Dataset extract:

========================================================================

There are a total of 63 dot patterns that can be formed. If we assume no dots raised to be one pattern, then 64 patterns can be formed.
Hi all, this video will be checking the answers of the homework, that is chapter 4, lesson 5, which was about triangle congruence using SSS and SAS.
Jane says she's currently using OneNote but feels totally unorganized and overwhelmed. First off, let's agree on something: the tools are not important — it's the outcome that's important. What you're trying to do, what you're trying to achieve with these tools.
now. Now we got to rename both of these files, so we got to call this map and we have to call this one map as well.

========================================================================

Exercise prompt: Everything in the listing must be returned word for word.

Answer:
There are a total of 63 dot patterns that can be formed. If we assume no dots raised to be one pattern, then 64 patterns can be formed.
Hi all, this video will be checking the answers of the homework, that is chapter 4, lesson 5, which was about triangle congruence using SSS and SAS.
Jane says she's currently using OneNote but feels totally unorganized and overwhelmed. First off, let's agree on something: the tools are not important — it's the outcome that's important. What you're trying to do, what you're trying to achieve with these tools.
now. Now we got to rename both of these files, so we got to call this map and we have to call this one map as well.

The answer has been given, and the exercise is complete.